**PROVIDED RECORDS**
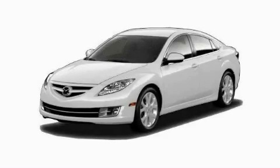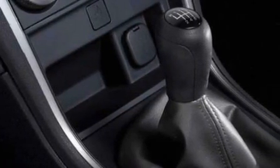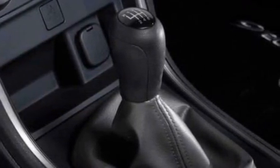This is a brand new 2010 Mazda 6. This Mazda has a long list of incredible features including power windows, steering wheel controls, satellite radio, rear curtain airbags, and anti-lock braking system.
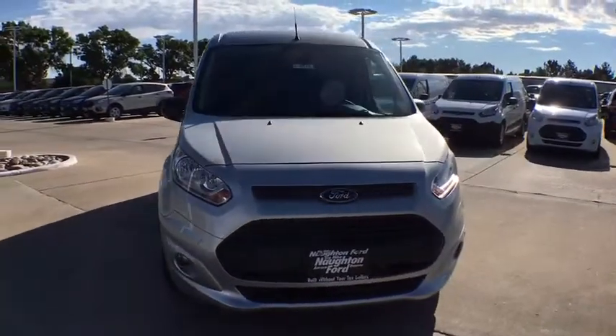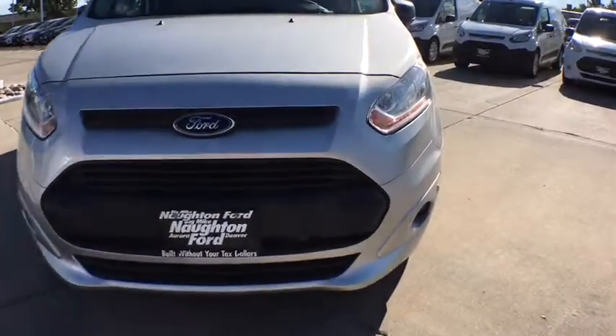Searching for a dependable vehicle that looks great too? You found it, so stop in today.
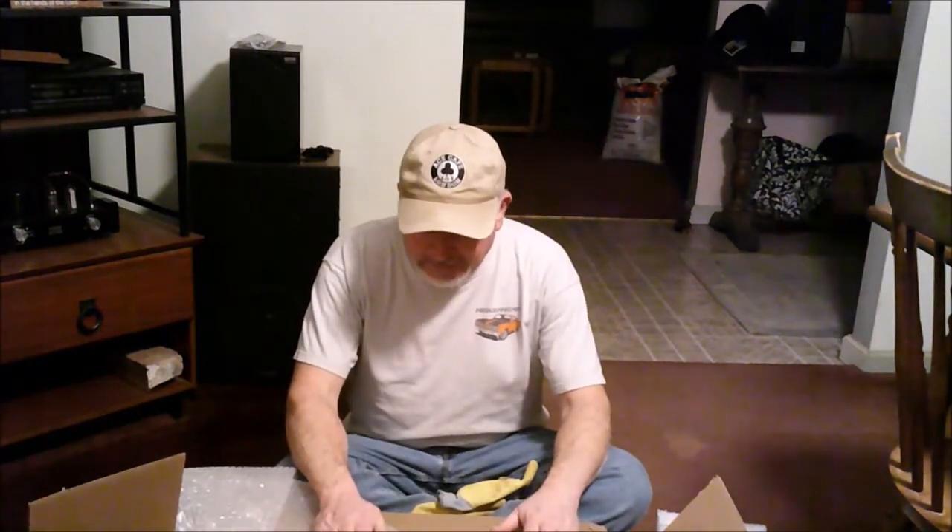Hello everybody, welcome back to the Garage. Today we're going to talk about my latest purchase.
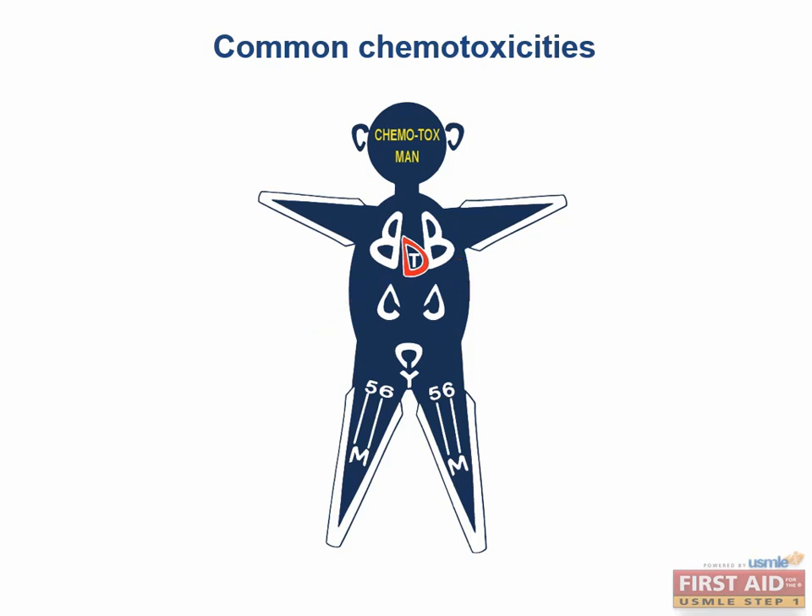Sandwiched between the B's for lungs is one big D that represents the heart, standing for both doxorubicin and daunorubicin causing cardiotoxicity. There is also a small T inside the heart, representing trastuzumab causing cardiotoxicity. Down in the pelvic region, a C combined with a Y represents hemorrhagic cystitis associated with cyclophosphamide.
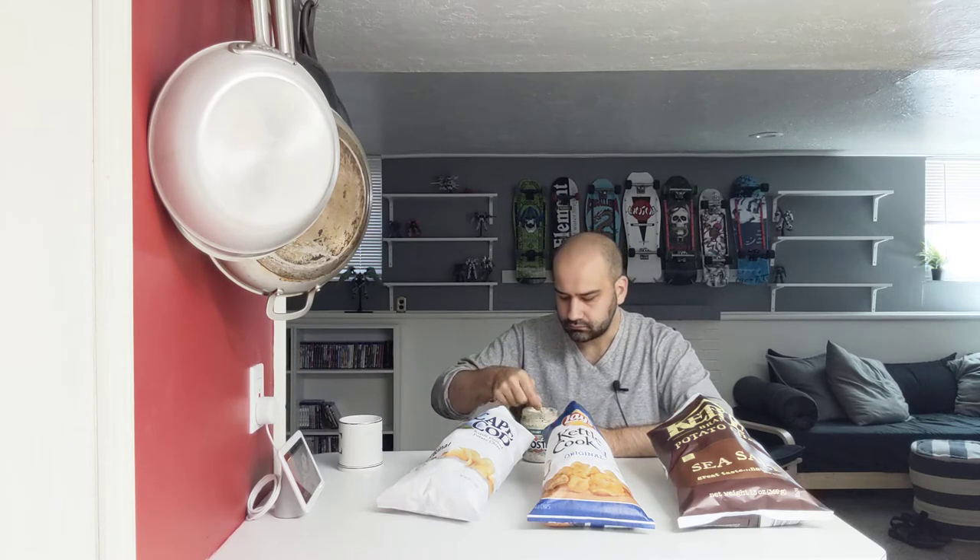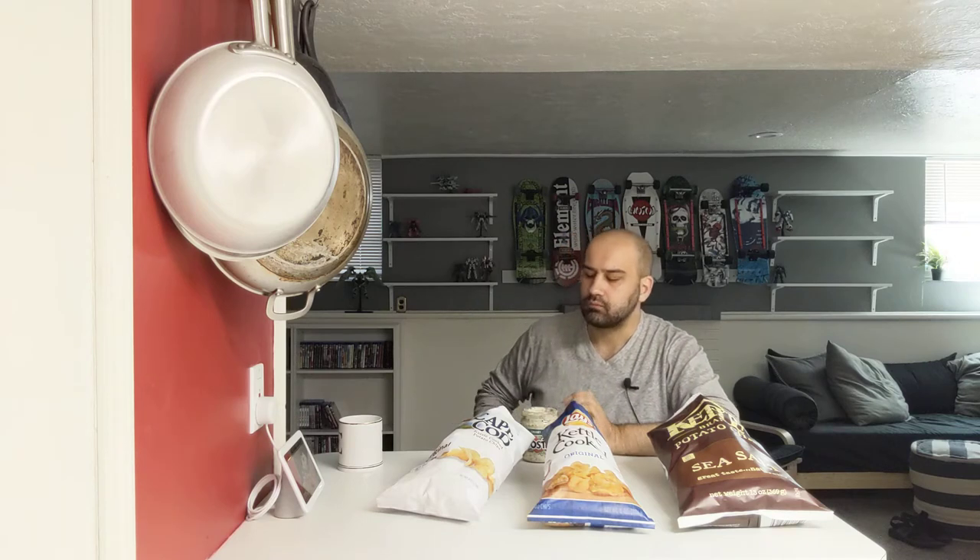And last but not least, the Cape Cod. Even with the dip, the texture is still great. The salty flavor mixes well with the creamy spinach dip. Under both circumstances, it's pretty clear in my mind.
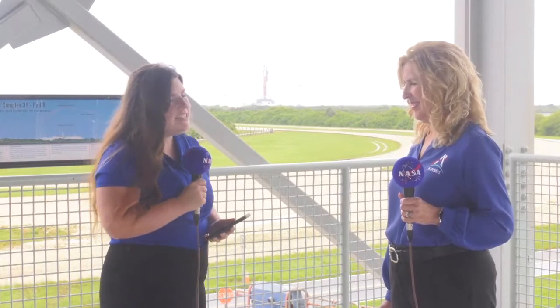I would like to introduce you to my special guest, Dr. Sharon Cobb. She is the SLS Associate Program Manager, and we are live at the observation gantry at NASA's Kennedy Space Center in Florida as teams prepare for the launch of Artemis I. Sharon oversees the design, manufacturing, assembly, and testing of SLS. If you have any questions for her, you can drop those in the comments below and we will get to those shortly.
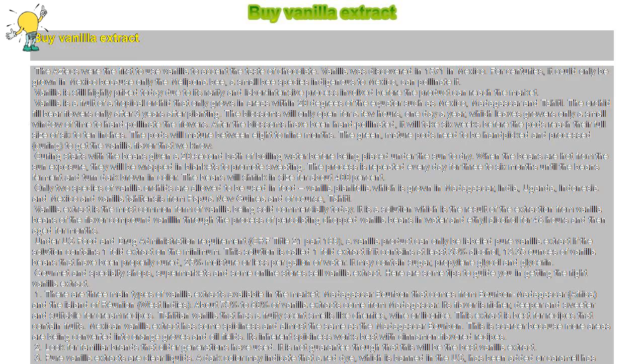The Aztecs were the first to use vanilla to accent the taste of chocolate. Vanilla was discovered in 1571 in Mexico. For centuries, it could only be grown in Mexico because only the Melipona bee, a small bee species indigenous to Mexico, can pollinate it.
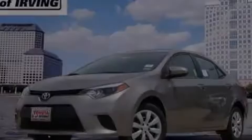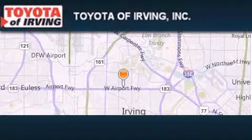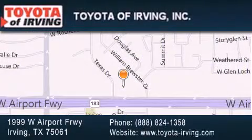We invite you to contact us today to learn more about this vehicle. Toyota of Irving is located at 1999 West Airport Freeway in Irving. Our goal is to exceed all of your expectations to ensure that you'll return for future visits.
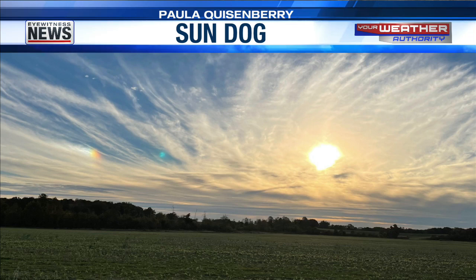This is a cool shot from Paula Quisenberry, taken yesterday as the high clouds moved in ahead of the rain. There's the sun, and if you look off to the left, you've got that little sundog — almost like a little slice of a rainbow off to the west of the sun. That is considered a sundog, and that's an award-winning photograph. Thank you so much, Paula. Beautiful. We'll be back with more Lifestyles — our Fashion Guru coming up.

--

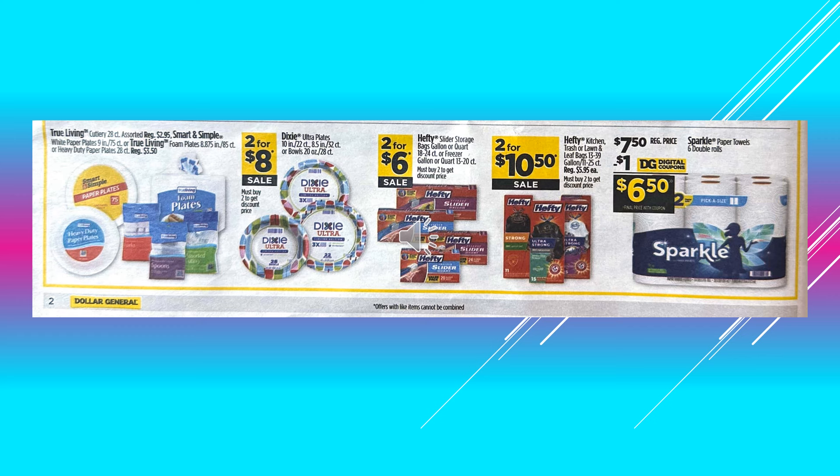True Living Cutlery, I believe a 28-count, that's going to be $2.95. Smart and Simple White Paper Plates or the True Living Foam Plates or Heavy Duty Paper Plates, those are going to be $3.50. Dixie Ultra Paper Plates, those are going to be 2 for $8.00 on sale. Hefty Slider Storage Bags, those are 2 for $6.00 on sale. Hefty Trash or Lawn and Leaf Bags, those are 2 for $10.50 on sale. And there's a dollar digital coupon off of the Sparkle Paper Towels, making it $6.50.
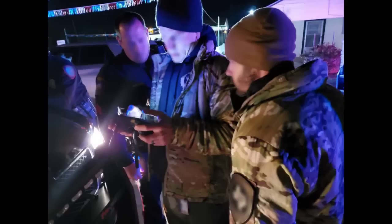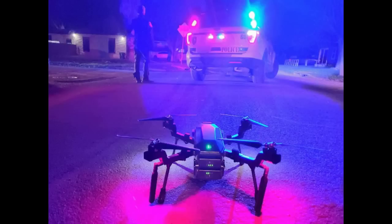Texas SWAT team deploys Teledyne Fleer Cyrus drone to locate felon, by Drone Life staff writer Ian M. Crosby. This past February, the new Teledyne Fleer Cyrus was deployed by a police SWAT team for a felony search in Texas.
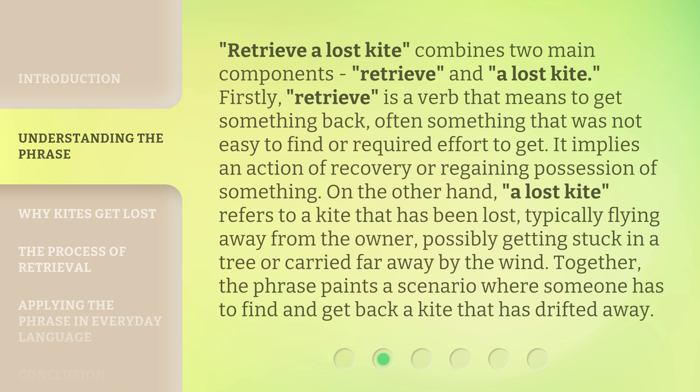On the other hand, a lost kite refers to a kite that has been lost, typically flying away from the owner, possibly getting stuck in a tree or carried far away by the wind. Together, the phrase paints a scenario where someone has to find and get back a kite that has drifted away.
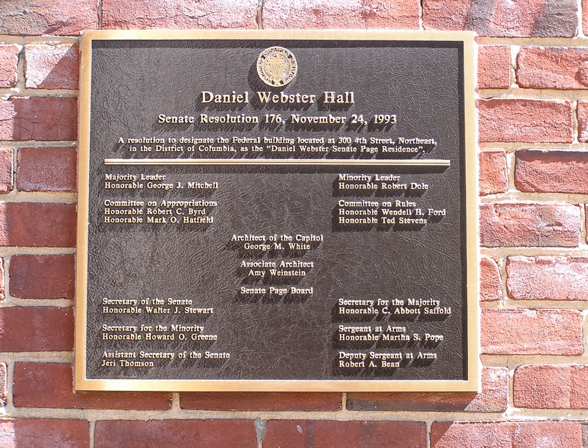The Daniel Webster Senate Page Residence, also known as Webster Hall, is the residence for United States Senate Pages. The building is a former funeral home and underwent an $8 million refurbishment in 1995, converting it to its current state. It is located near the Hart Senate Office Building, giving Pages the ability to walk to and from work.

**WHAT IS NEEDED**
Look above for the line with "True Living Cutlery, I" and the line with "Texas SWAT team", then copy them and all lines in between exactly as written, and only those, without any pictures.

**ANSWER FOR THIS EXERCISE**
True Living Cutlery, I believe a 28-count, that's going to be $2.95. Smart and Simple White Paper Plates or the True Living Foam Plates or Heavy Duty Paper Plates, those are going to be $3.50. Dixie Ultra Paper Plates, those are going to be 2 for $8.00 on sale. Hefty Slider Storage Bags, those are 2 for $6.00 on sale. Hefty Trash or Lawn and Leaf Bags, those are 2 for $10.50 on sale. And there's a dollar digital coupon off of the Sparkle Paper Towels, making it $6.50.
Texas SWAT team deploys Teledyne Fleer Cyrus drone to locate felon, by Drone Life staff writer Ian M. Crosby. This past February, the new Teledyne Fleer Cyrus was deployed by a police SWAT team for a felony search in Texas.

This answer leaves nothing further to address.